#### EXERCISE DETAILS:
Would you retype exactly the lines below, from the one containing "630KVA变压器一、二次电流承受能力解析" through the end of the entries, both ends included, but not the pictures?

- Opening Delimiter -

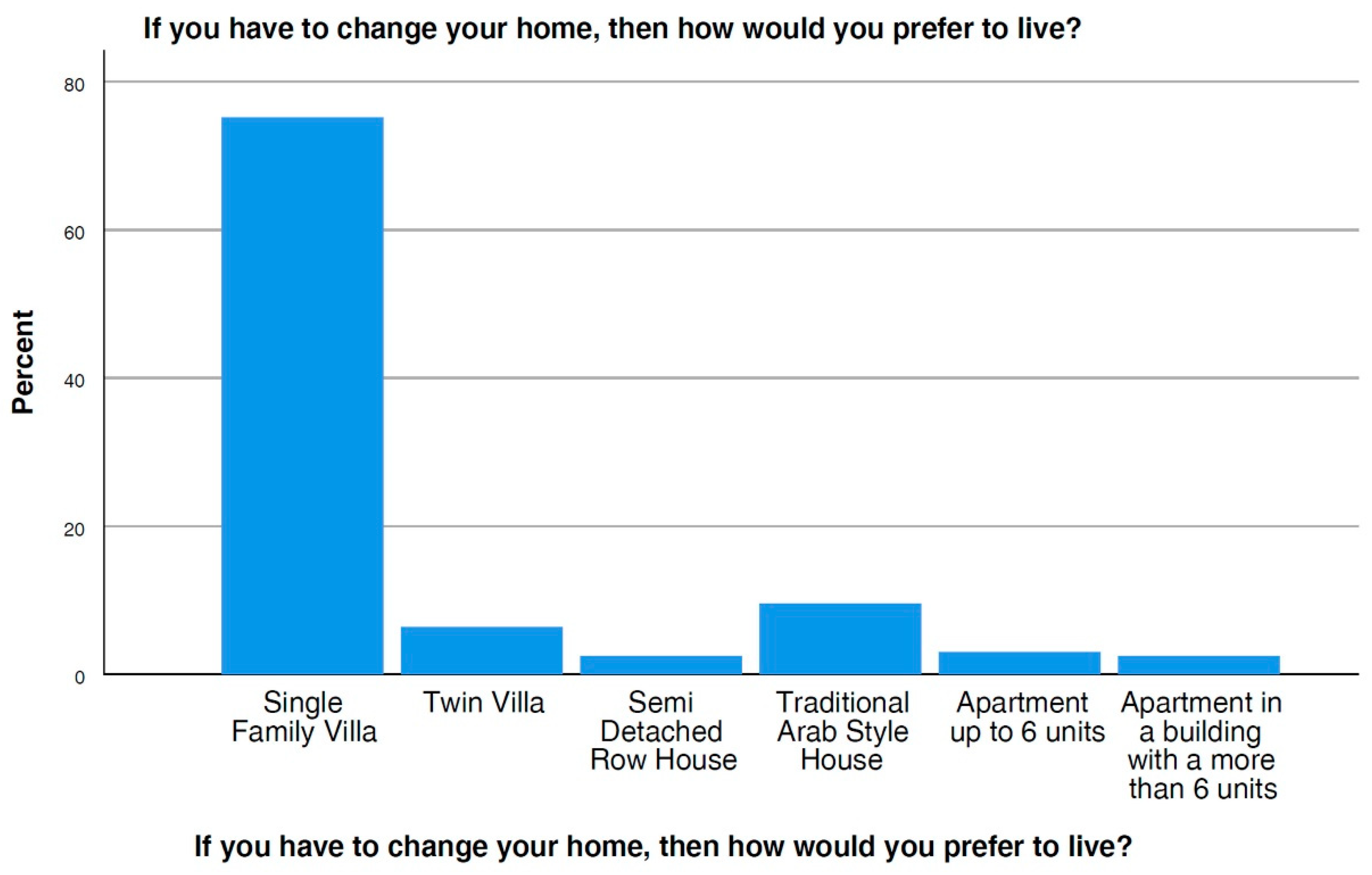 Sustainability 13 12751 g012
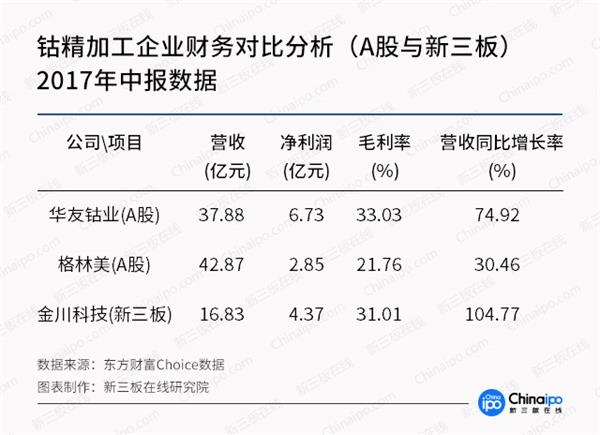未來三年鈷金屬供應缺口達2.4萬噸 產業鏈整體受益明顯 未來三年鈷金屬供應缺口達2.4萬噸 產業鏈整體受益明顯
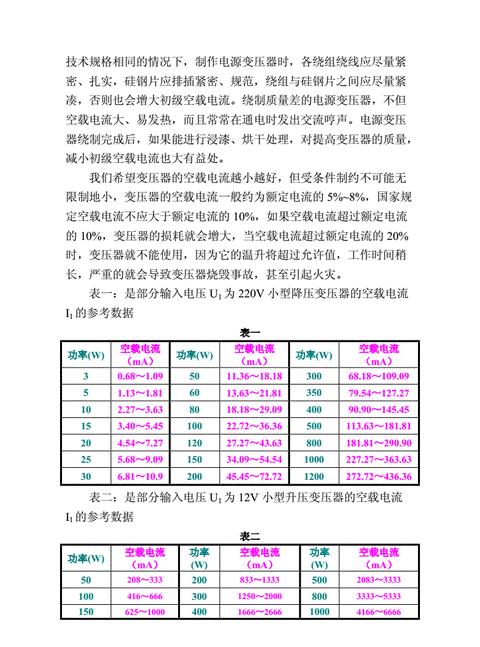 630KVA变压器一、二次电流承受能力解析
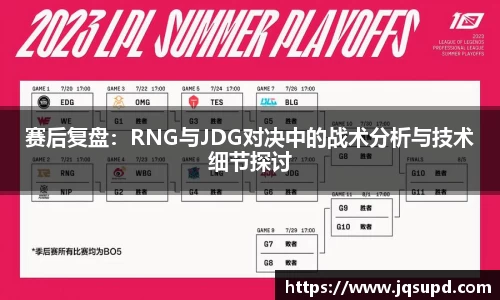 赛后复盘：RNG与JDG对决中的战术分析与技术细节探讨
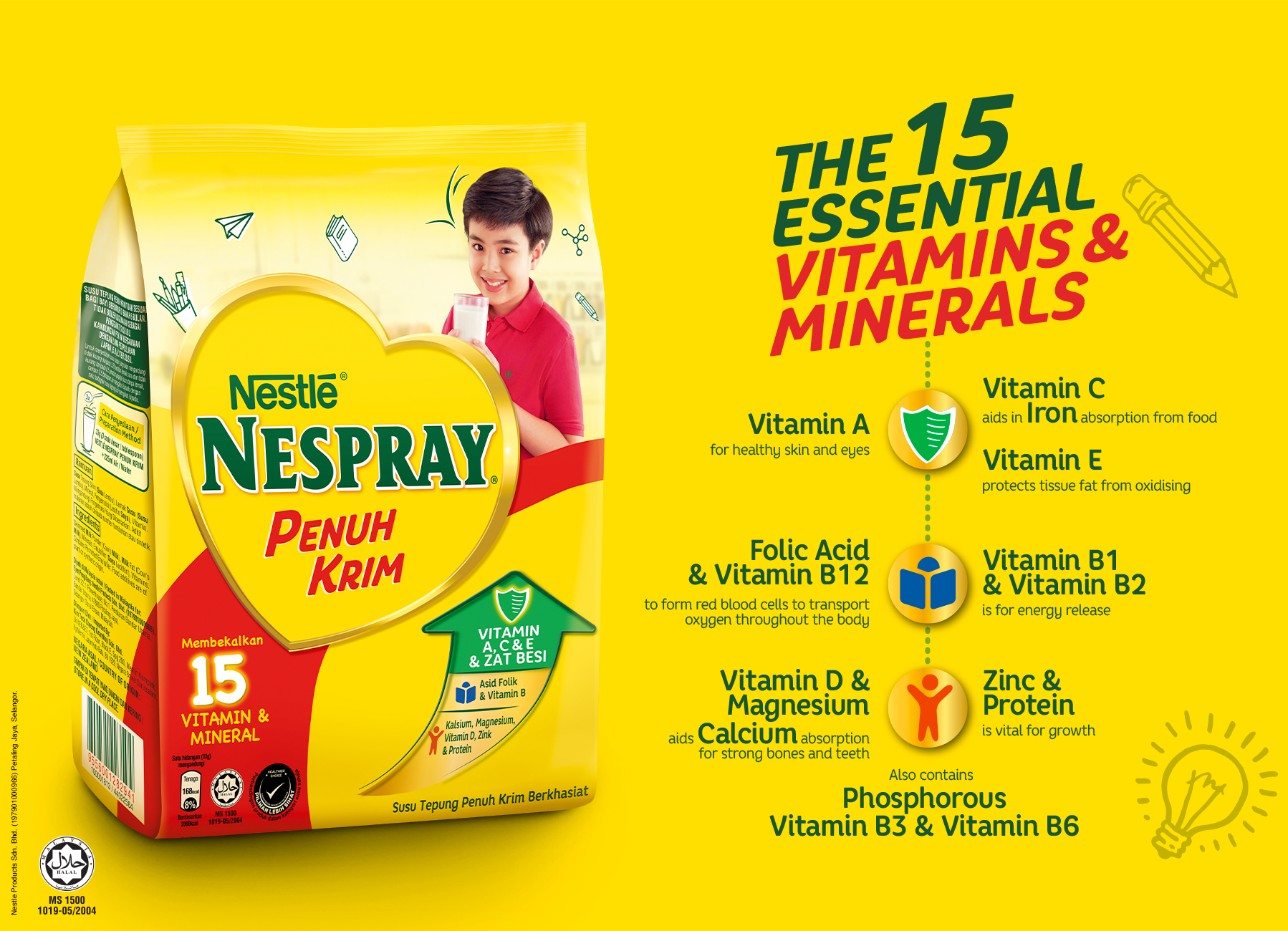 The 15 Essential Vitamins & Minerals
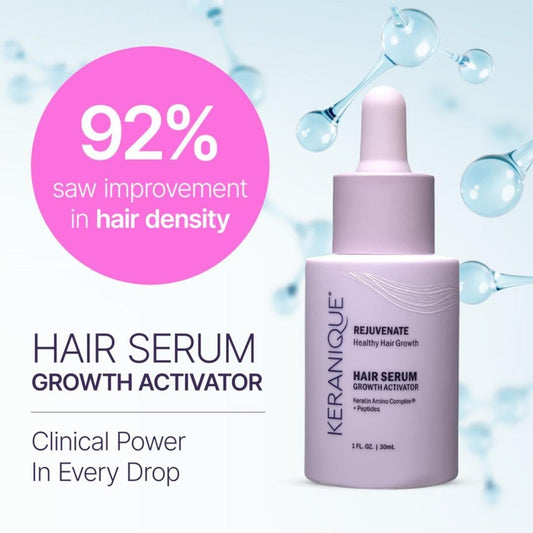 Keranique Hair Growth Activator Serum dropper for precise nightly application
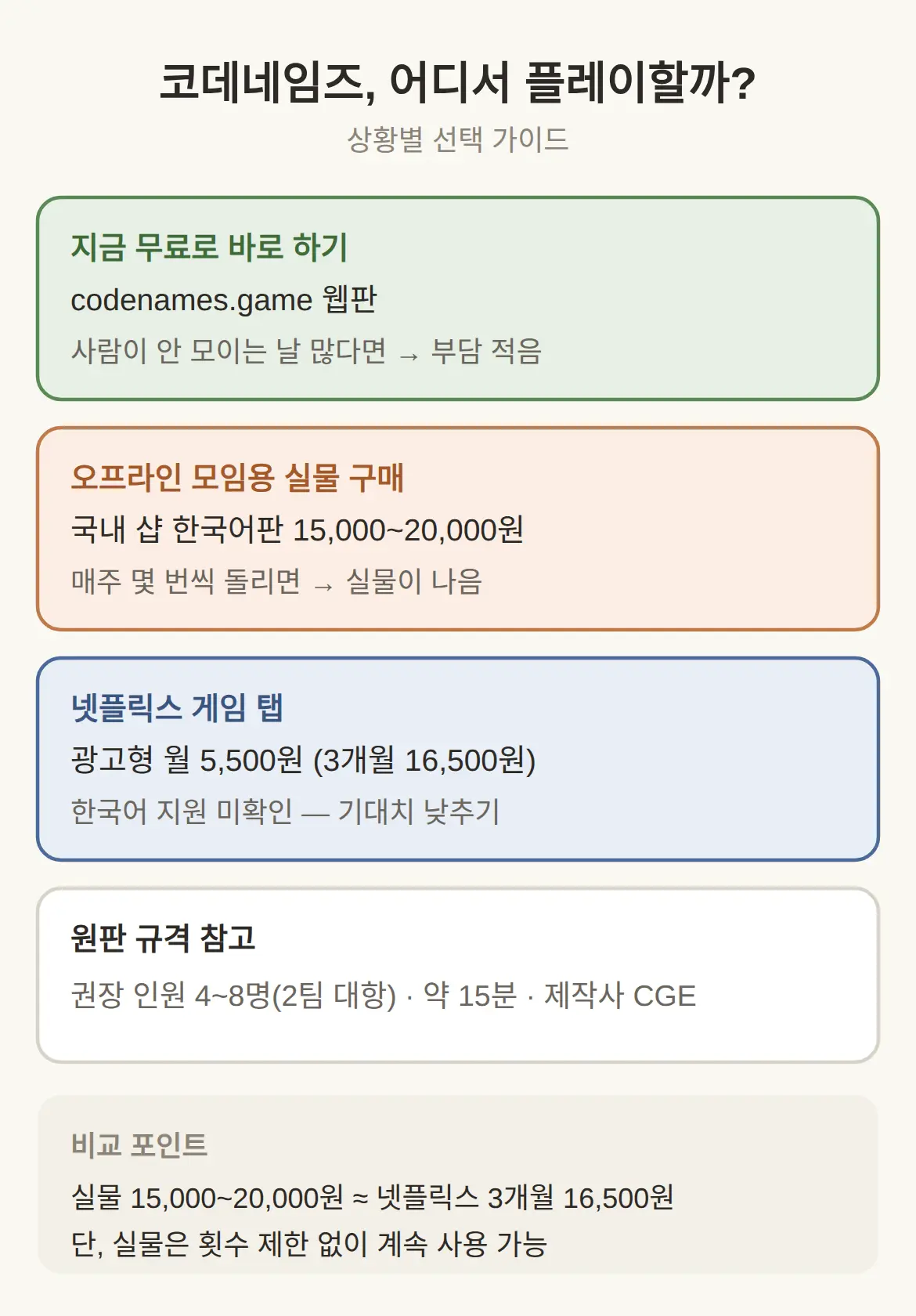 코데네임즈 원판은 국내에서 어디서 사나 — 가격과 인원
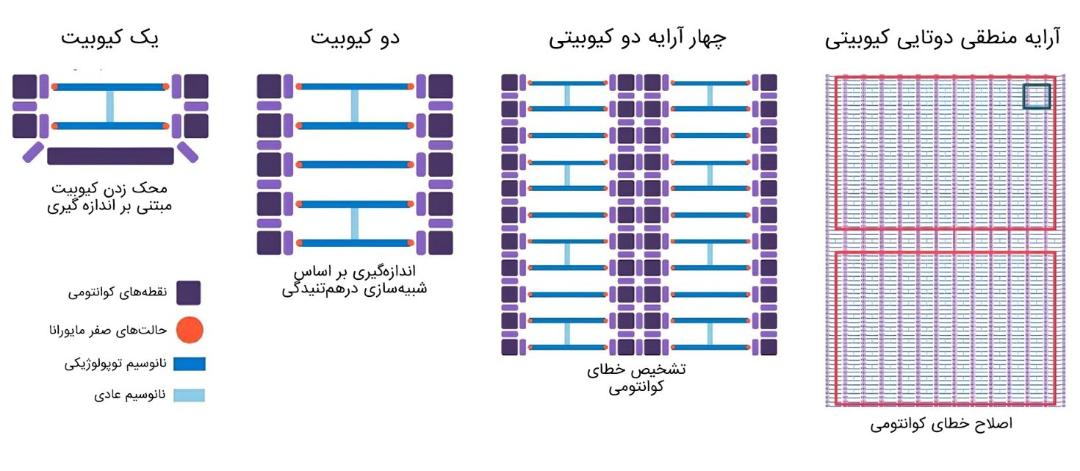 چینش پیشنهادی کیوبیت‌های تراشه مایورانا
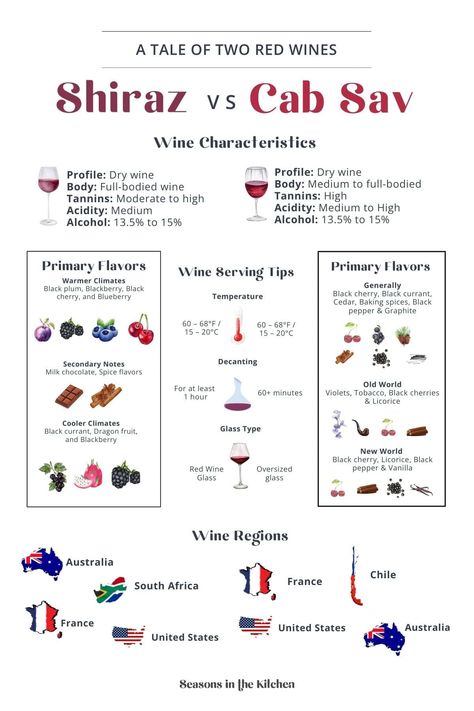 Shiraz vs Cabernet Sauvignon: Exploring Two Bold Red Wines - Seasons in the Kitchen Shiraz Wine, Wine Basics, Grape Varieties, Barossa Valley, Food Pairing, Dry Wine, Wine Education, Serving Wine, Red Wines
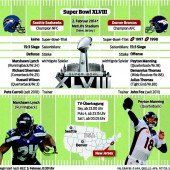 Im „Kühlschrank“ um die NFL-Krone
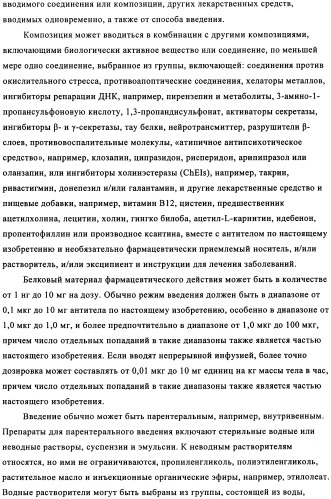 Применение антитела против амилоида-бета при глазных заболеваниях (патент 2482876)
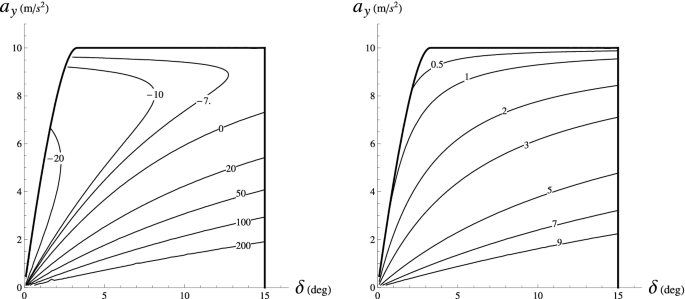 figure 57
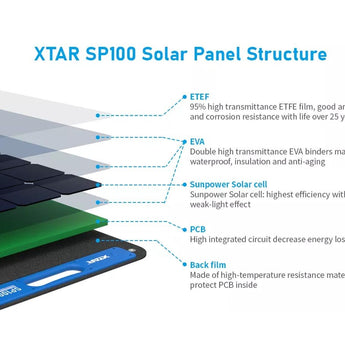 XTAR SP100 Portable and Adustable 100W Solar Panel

- Closing Delimiter -

#### WRITTEN REPLY:
 630KVA变压器一、二次电流承受能力解析
 赛后复盘：RNG与JDG对决中的战术分析与技术细节探讨
 The 15 Essential Vitamins & Minerals
 Keranique Hair Growth Activator Serum dropper for precise nightly application
 코데네임즈 원판은 국내에서 어디서 사나 — 가격과 인원
 چینش پیشنهادی کیوبیت‌های تراشه مایورانا
 Shiraz vs Cabernet Sauvignon: Exploring Two Bold Red Wines - Seasons in the Kitchen Shiraz Wine, Wine Basics, Grape Varieties, Barossa Valley, Food Pairing, Dry Wine, Wine Education, Serving Wine, Red Wines
 Im „Kühlschrank“ um die NFL-Krone
 Применение антитела против амилоида-бета при глазных заболеваниях (патент 2482876)
 figure 57
 XTAR SP100 Portable and Adustable 100W Solar Panel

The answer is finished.